━━━ Available data

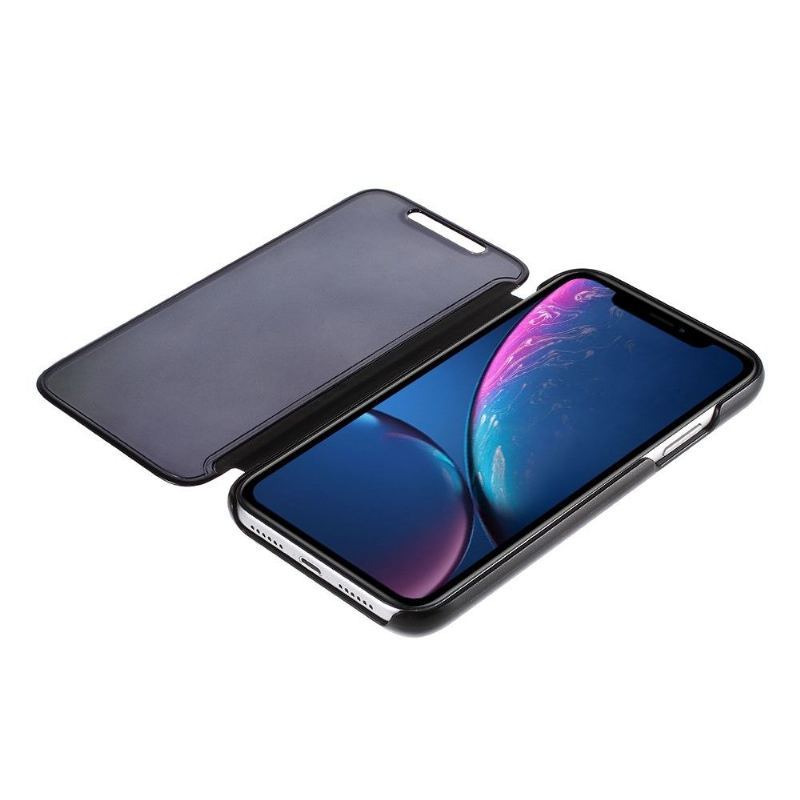 Etui do iPhone XR Biznes Etui Folio Efekt Lustra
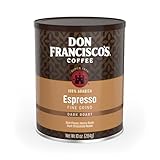 Don Francisco's Premium Espresso Dark Roast Ground Coffee: Rich...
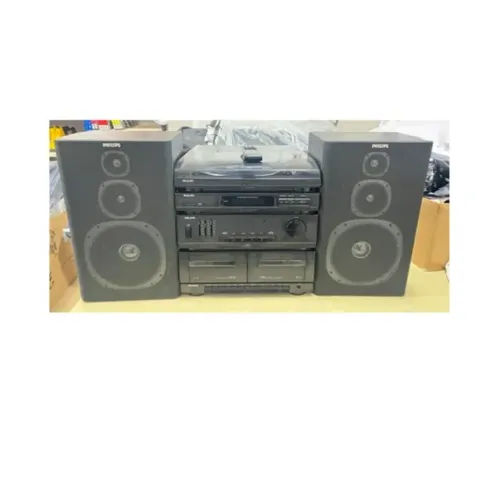 Som Philips As405 Toca Discos 3x1 Aparelho Caixas De Som e Controle Remoto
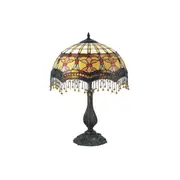 Madonna Beaded Leadlight Tiffany Table Lamp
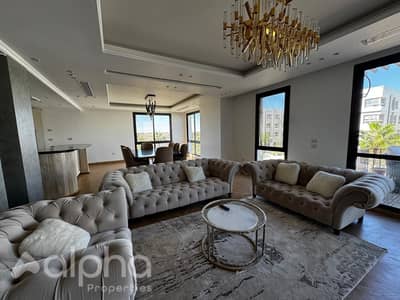 duplex with furniture for rent in westown compound elsheikh zayed ultra modern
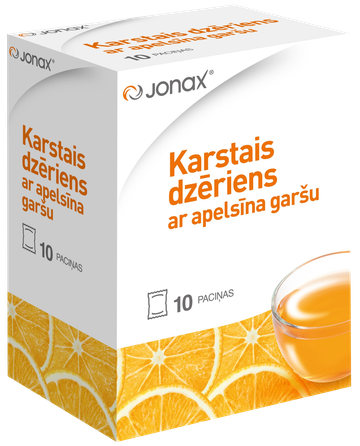 JONAX Ar Apelsīnu Garšu karstais dzēriens, 10 gab.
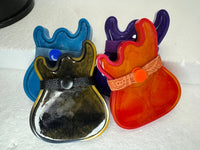 Resin pocket sized guitar pick holder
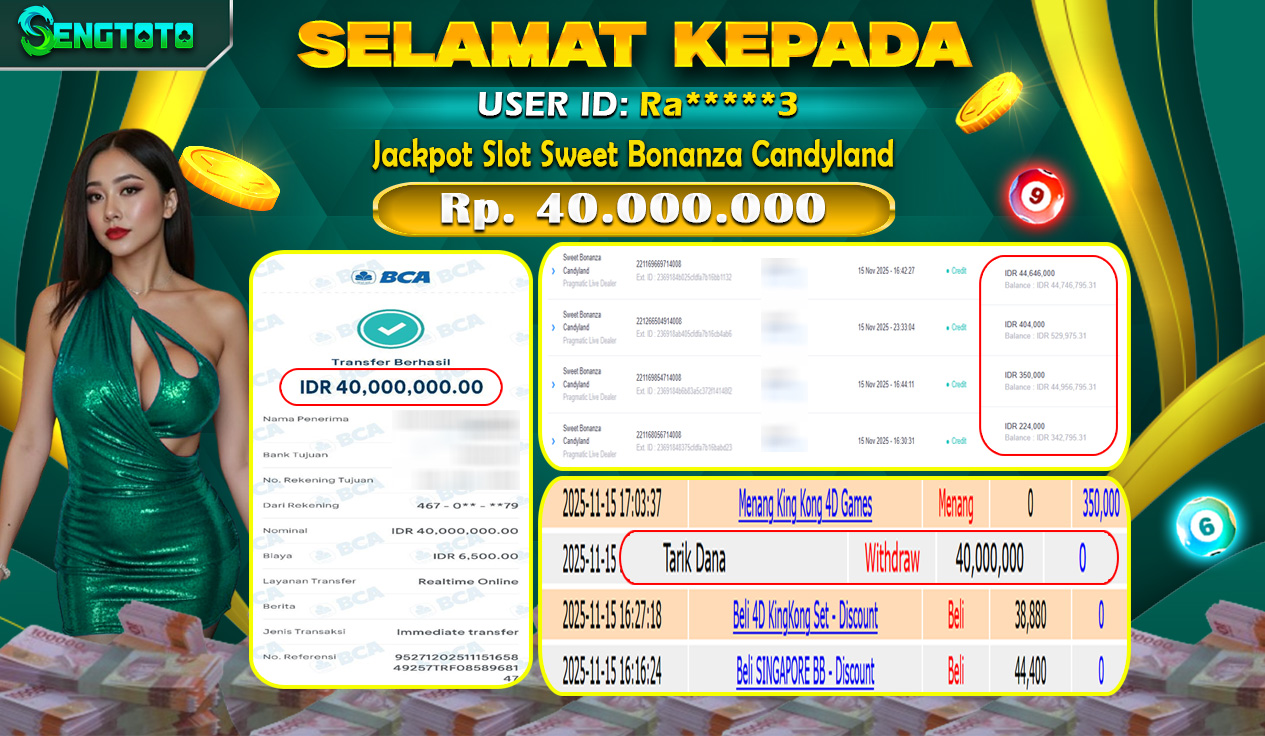 BUKTI PEMBAYARAN SLOT SWEET BONANZA CANDYLAND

━━━━━━

» **Task requirements**
Output the entries exactly and keep every picture out of them.

» **Exercise answer**
 Etui do iPhone XR Biznes Etui Folio Efekt Lustra
 Don Francisco's Premium Espresso Dark Roast Ground Coffee: Rich...
 Som Philips As405 Toca Discos 3x1 Aparelho Caixas De Som e Controle Remoto
 Madonna Beaded Leadlight Tiffany Table Lamp
 duplex with furniture for rent in westown compound elsheikh zayed ultra modern
 JONAX Ar Apelsīnu Garšu karstais dzēriens, 10 gab.
 Resin pocket sized guitar pick holder
 BUKTI PEMBAYARAN SLOT SWEET BONANZA CANDYLAND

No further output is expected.